■ **WHAT YOU NEED TO DO**: Line by line, transcribe the data below exactly and pass over the images.

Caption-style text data
#####

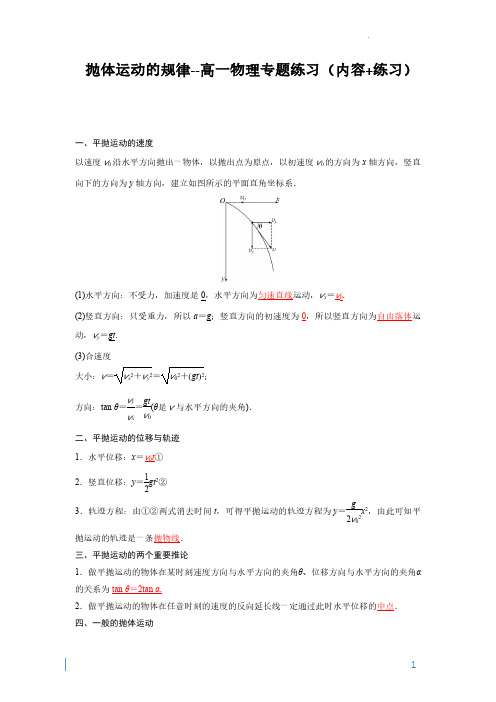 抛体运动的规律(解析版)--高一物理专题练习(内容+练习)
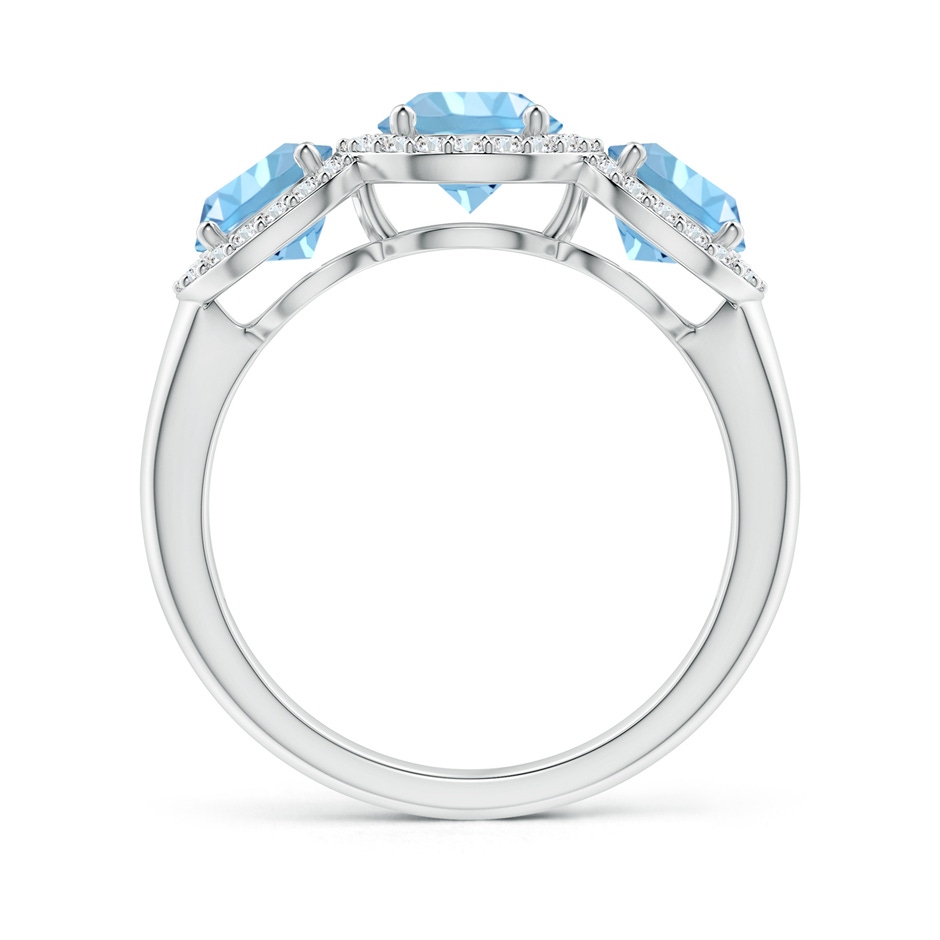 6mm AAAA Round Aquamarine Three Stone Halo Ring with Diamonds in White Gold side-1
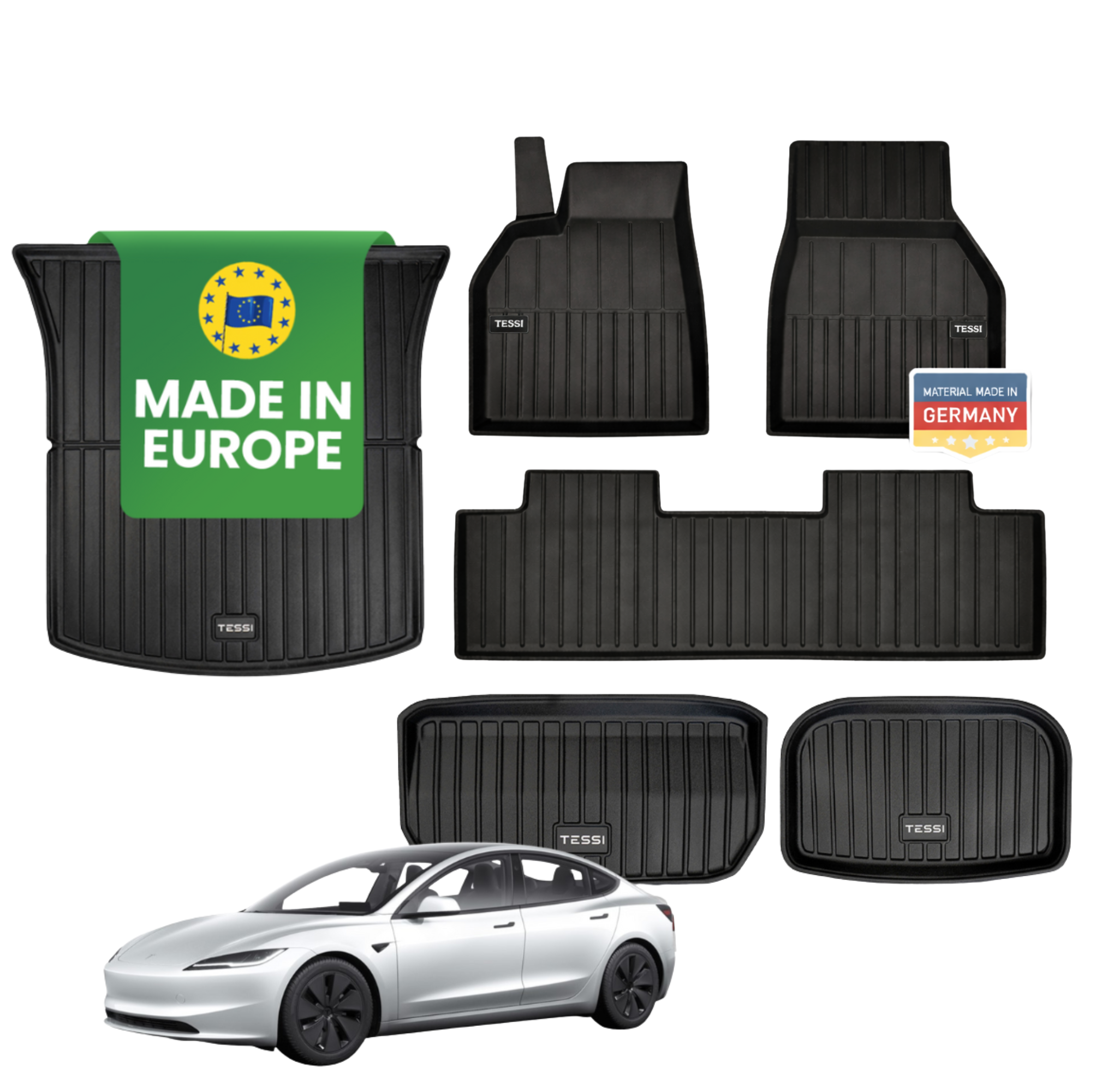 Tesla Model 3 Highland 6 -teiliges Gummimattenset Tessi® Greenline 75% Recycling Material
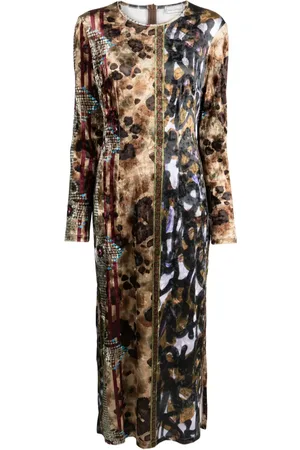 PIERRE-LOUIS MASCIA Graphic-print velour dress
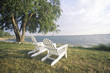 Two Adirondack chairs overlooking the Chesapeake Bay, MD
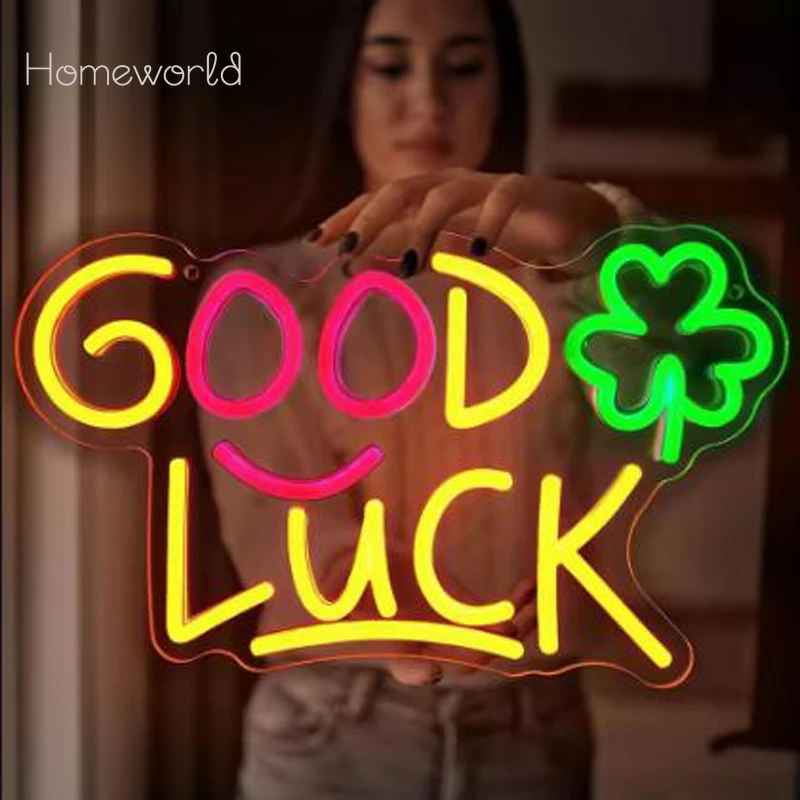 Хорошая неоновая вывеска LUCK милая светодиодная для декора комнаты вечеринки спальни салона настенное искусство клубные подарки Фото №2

#####

■ **RESPONSE AREA**:
 抛体运动的规律(解析版)--高一物理专题练习(内容+练习)
 6mm AAAA Round Aquamarine Three Stone Halo Ring with Diamonds in White Gold side-1
 Tesla Model 3 Highland 6 -teiliges Gummimattenset Tessi® Greenline 75% Recycling Material
 PIERRE-LOUIS MASCIA Graphic-print velour dress
 Two Adirondack chairs overlooking the Chesapeake Bay, MD
 Хорошая неоновая вывеска LUCK милая светодиодная для декора комнаты вечеринки спальни салона настенное искусство клубные подарки Фото №2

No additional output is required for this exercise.